ASSIGNED TASK
Below are entries. Reproduce exactly the lines between the line holding "Elegainz Lift Top" and the line holding "Used 2024 Alfa", inclusive, and only those.
*** Opening of INPUT DATA ***
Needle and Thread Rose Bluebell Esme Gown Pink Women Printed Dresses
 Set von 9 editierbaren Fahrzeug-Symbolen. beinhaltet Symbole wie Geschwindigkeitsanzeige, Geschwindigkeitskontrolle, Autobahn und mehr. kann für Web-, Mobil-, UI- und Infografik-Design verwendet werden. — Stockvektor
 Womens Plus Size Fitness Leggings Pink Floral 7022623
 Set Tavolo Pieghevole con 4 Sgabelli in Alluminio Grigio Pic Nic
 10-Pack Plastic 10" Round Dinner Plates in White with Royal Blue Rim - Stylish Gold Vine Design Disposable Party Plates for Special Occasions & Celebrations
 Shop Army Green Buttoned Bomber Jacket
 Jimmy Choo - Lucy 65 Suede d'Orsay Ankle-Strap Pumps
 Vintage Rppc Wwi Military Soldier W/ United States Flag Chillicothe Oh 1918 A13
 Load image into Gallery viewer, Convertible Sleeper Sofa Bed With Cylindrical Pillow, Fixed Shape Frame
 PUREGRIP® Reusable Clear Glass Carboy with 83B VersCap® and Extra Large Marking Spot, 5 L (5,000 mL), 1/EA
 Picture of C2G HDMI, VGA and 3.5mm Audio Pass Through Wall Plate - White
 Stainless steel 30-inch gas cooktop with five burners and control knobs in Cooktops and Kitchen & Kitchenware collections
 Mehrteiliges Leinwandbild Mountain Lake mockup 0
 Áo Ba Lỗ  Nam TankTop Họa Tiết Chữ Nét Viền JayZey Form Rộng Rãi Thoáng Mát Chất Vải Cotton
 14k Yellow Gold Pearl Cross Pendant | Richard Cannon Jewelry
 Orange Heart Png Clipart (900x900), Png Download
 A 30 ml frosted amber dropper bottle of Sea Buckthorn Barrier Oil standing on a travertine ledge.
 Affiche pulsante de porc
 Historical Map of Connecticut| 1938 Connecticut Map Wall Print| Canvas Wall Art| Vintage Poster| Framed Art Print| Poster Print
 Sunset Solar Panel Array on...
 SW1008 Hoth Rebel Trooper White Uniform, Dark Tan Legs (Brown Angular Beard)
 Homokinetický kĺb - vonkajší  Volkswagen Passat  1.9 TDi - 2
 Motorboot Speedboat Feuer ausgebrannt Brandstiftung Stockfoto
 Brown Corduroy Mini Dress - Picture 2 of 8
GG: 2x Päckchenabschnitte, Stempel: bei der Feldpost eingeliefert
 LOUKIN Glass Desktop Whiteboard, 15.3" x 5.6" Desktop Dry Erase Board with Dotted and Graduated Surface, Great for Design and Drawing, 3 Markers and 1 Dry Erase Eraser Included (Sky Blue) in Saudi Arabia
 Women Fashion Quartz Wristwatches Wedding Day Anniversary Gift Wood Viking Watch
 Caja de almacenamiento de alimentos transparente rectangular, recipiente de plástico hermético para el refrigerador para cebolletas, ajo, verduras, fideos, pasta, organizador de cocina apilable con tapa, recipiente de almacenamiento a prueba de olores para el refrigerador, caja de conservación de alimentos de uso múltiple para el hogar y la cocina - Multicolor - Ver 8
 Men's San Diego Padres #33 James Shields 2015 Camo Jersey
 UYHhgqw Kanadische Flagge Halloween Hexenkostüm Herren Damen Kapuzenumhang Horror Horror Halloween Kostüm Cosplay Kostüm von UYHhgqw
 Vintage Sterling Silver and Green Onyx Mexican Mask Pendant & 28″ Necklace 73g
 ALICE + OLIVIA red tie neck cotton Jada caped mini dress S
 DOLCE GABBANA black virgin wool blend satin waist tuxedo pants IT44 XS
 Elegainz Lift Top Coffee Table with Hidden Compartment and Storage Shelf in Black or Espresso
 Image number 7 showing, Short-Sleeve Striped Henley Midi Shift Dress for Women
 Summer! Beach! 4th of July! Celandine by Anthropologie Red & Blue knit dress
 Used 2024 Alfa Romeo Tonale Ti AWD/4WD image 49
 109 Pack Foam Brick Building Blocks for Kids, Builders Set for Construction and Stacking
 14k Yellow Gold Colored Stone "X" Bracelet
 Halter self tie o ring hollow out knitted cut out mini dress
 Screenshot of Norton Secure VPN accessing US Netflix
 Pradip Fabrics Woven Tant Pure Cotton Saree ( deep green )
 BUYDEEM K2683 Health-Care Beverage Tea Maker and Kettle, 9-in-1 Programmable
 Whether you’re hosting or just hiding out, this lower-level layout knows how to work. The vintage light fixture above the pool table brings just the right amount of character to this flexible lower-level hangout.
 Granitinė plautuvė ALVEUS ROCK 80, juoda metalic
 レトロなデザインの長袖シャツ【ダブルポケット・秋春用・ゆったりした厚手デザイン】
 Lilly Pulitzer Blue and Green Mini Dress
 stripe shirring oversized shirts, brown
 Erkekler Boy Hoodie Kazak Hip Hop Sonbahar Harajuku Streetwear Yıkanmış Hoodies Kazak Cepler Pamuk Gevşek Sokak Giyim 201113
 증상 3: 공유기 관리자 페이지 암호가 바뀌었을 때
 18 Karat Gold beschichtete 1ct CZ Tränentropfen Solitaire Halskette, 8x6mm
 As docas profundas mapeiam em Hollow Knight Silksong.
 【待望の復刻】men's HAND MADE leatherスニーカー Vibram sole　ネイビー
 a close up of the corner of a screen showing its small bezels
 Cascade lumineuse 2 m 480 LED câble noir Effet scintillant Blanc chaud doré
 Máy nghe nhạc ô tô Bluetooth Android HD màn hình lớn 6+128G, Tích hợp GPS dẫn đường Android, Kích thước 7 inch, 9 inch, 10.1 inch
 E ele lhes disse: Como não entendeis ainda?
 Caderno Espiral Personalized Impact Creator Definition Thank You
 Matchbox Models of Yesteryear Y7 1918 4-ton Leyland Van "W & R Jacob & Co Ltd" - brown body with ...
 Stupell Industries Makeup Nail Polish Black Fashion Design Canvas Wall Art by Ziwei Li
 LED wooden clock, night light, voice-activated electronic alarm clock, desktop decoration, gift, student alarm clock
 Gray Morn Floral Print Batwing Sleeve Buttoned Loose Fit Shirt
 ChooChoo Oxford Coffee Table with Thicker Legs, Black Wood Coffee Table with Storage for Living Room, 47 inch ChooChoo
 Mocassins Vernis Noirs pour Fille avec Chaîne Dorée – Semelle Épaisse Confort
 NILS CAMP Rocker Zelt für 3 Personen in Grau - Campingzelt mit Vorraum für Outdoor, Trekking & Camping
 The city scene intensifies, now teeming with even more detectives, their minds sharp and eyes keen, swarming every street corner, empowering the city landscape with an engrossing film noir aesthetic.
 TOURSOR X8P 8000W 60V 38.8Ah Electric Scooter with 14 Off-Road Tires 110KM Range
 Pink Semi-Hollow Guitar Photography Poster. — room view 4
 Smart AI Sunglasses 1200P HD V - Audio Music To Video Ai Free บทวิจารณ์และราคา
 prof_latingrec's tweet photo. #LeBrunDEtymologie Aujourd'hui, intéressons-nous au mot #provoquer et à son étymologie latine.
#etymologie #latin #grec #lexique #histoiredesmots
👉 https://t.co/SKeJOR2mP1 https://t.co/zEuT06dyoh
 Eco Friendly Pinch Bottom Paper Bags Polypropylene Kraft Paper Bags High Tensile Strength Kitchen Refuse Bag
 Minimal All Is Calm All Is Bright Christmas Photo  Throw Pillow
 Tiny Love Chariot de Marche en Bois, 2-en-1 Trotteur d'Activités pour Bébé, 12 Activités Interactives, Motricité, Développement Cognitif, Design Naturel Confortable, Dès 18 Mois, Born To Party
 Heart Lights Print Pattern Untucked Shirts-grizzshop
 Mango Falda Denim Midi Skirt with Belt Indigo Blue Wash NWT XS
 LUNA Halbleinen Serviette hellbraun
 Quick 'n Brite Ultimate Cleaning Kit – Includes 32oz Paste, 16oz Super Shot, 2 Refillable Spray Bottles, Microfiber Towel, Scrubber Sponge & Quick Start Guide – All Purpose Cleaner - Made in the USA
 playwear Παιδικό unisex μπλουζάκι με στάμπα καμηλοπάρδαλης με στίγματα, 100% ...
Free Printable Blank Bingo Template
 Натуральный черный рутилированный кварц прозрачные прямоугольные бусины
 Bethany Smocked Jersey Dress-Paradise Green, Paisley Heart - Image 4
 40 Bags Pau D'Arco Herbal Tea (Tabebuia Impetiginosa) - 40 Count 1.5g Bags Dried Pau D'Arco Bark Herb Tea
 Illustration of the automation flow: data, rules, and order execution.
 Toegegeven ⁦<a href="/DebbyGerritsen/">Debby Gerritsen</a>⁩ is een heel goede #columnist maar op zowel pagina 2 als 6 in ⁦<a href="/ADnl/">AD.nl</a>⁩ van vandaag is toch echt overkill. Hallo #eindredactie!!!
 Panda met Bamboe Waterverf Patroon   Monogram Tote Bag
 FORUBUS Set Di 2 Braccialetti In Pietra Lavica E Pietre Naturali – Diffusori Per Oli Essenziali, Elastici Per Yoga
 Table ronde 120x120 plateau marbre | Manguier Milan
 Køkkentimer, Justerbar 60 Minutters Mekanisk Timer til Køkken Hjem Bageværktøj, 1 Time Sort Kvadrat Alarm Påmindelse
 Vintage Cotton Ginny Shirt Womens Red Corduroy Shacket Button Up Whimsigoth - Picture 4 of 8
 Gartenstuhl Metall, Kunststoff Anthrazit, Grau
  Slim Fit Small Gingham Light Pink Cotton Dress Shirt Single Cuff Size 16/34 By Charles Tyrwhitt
*** Close of INPUT DATA ***
EXERCISE RESPONSE
 Elegainz Lift Top Coffee Table with Hidden Compartment and Storage Shelf in Black or Espresso
 Image number 7 showing, Short-Sleeve Striped Henley Midi Shift Dress for Women
 Summer! Beach! 4th of July! Celandine by Anthropologie Red & Blue knit dress
 Used 2024 Alfa Romeo Tonale Ti AWD/4WD image 49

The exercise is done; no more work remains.